Memory usage increases dramatically for stack sizes larger than 1024 KB.

This anomaly only shows up on containers running on MacOS (both ARM64 and x86_64 architectures), with LTS Java versions 17 and below.

Linux is unaffected, as is Java 21.

Increasing number of threads

Lastly, we will find the maximum number of threads that can be run in a container with different stack size configurations.

docker run -m 2g --memory-swap 2g --rm -d -e JAVA_OPTS="-Xss1024k -XX:MaxRAMPercentage=75" --name J17_2040k memoryfiller:java17 7000 100 250

On MacOS with default stack size (2040 KB), container gets killed by Docker after ~1050 threads.

With a decreased JVM stack size of 1024 KB (-Xss1024k option), we can go up to ~7100 threads. Further reducing the stack size does not have an impact.

Like the previous test, this only occurs on MacOS, with LTS Java versions 17 and below.

Conclusion

  • JVM Stack size option ‘-Xss’ determines how much virtual memory is reserved per thread.

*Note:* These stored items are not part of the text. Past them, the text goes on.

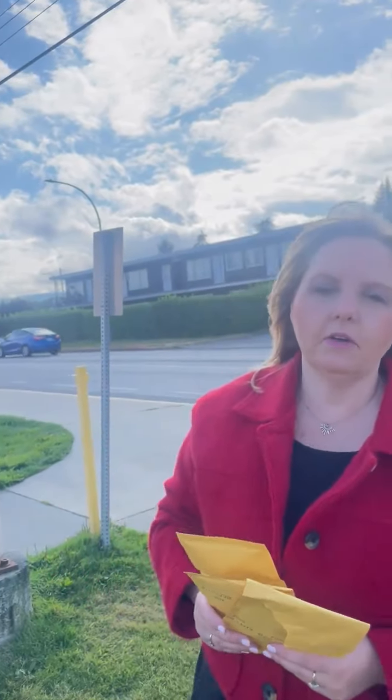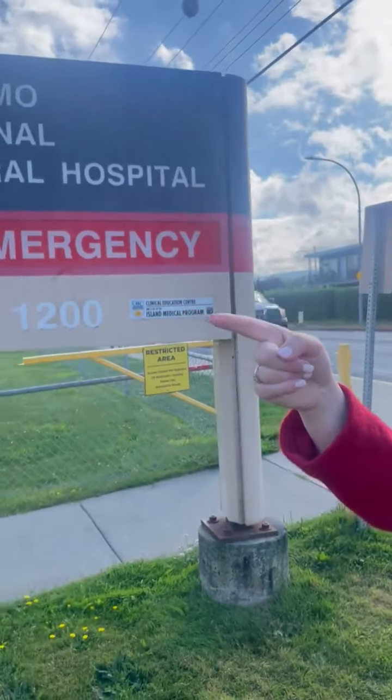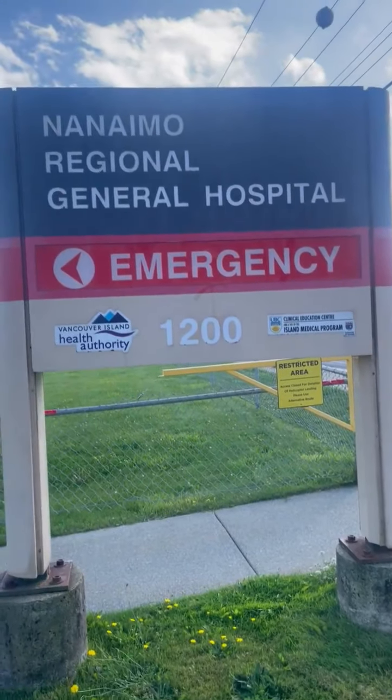So I'm outside the Nanaimo Hospital and I was able to get a crack inhalation kit and a cocaine snorting kit. Unfortunately the crack pipes were out, which is no surprise because crack pipes can be traded for drugs. All of these items you can get for free at a vending machine located just directly over there outside of the Nanaimo Hospital emergency room.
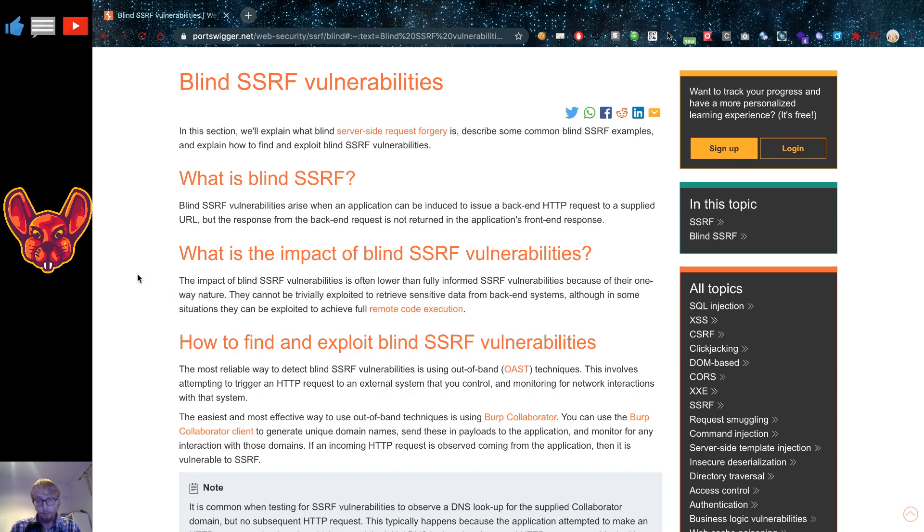That said, blind SSRF is not harmless in all cases. You might still be able to get some backend systems to execute things you're not supposed to, because they may only be accessible from the internal network. When we get an internal server to make the request for us via SSRF, we still have an impactful vulnerability. Remote code execution is also possible, but it often involves spraying the endpoint with all types of CVEs — a whole list of vulnerabilities — and it's not going to be easy. This is not something simple at all.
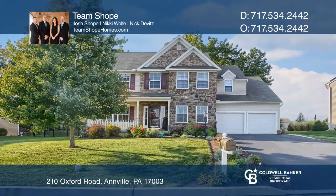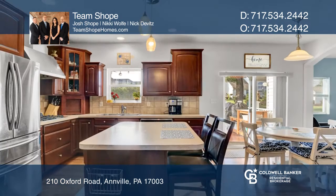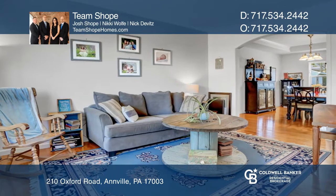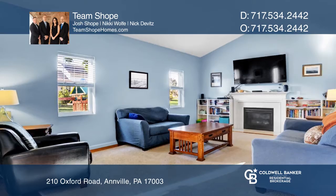Welcome home to this beautifully maintained London Croft home in Palmyra School District. Features include four bedrooms, a spacious eat-in kitchen with an island, a living room, a private office, grand family room with a gas fireplace, and a custom deck.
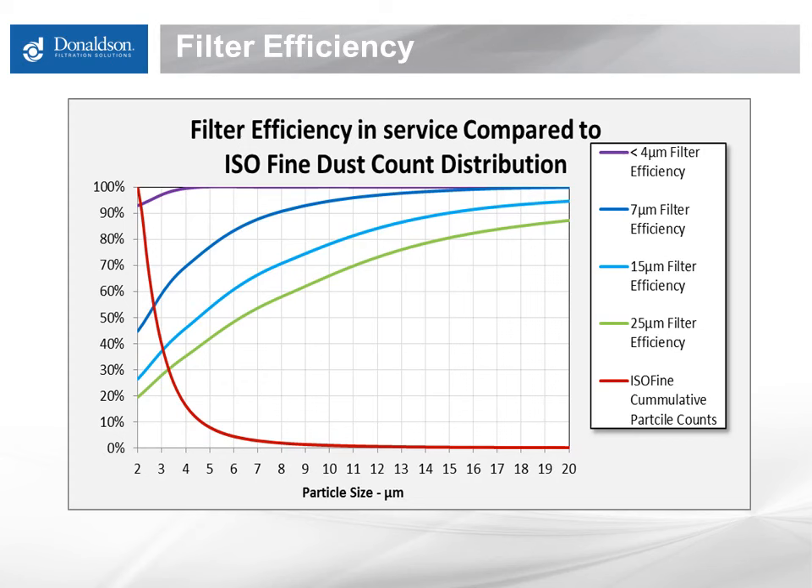The purple line at the top depicts the filtration needed to protect modern high-pressure common rail fuel systems. To keep these systems operating correctly, filters need to remove essentially all of the particles in the fuel that are 2 microns and larger. This is a much bigger task than has traditionally been required.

Since actual memory allocation occurs dynamically, this does not affect total memory usage, or scalability, besides the minimum effect of mapping table size, but,

  • Significant high memory usage has been observed on Java versions 8 - 17 running in a container on MacOs, when the stack size is set more than 1024 KB.

  • The default stack size on ARM64 architecture being twice of X86 architecture result in Macs with Apple Silicon encountering the mentioned high memory consumption issue with the default JVM configuration.

  • Java 8 and Java 17 on MacOS allocates memory less efficiently than Java 17 and 21, the difference is bigger on Java 8 NMT reports are here.

Only a few services require more than 1024 KB of stack, with Elasticsearch being one of them. Using Java 21 or applying -Xss1024k argument will lower the memory consumption of containers.